Developmental Biology - Sperm Formation|
SKP1 Enzyme Could be Target for Male Infertility
The protein, SKP1, drives a key transition step in male meiosis, the cell division process that results in sperm...
While some of our body's cells divide in a matter of hours, the meiosis process for making sperm, takes about 14 days from start to finish. Fully six of those days are spent in the stage known as the pachytene, when pairs of chromosomes from an individual's mother and father align and connect.
"This stage is really important, as the chromosome pair needs to be aligned for exchange of genetic material between the two.
If anything goes wrong at this stage, it can cause a defect in meiosis and problems in the resulting sperm, leading to infertility, pregnancy loss, or birth defects."
P. Jeremy Wang PhD, Biologist, Department of Biomedical Sciences, University of Pennsylvania School of Veterinary Medicine, Philadelphia, Pennsylvania, USA.
In a new paper in Science Advances, Wang and colleagues have identified an enzyme that plays a crucial role in maintaining this chromosomal pairing during the pachytene stage of meiosis. Without this protein, named SKP1, meiosis cannot proceed to metaphase, the next major developmental stage involved in generating sperm cells.
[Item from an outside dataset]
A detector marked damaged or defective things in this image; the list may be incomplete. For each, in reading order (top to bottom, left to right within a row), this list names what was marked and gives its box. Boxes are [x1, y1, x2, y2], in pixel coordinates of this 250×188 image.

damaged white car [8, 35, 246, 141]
The finding may help overcome hurdles that have stood in the way of treating certain forms of male infertility — in which a man makes no sperm — but, in whom sperm's precursor cells, spermatogonia, can be found.
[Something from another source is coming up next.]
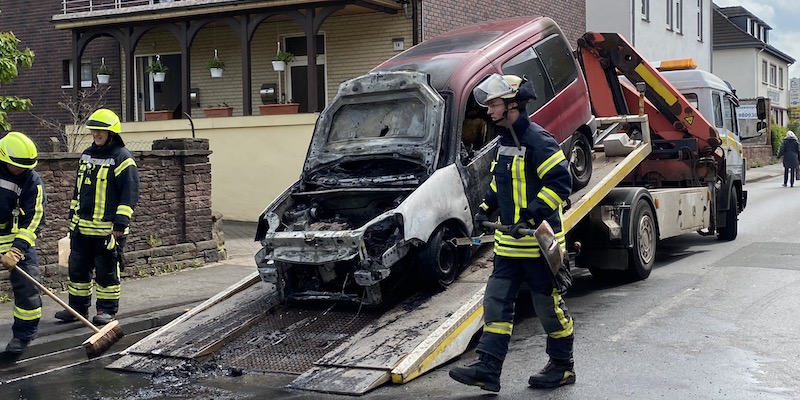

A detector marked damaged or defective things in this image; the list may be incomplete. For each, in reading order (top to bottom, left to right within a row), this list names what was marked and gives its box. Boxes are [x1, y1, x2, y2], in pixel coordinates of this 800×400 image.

burned-out vehicle [253, 17, 596, 304]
"Reproductive technologies, like in vitro fertilization, have made a huge difference for infertile patients, but the male needs to have at least some sperm. If the male has no sperm, then the only option is to use donor sperm. But if you can find pre-meiotic germ cells, they could be induced to go through meiosis and make sperm. SKP1 could then become part of a solution ensuring meiosis continues."
P. Jeremy Wang PhD
Wang is hopeful his finding will aid basic research on sperm development, which his and many other labs pursue.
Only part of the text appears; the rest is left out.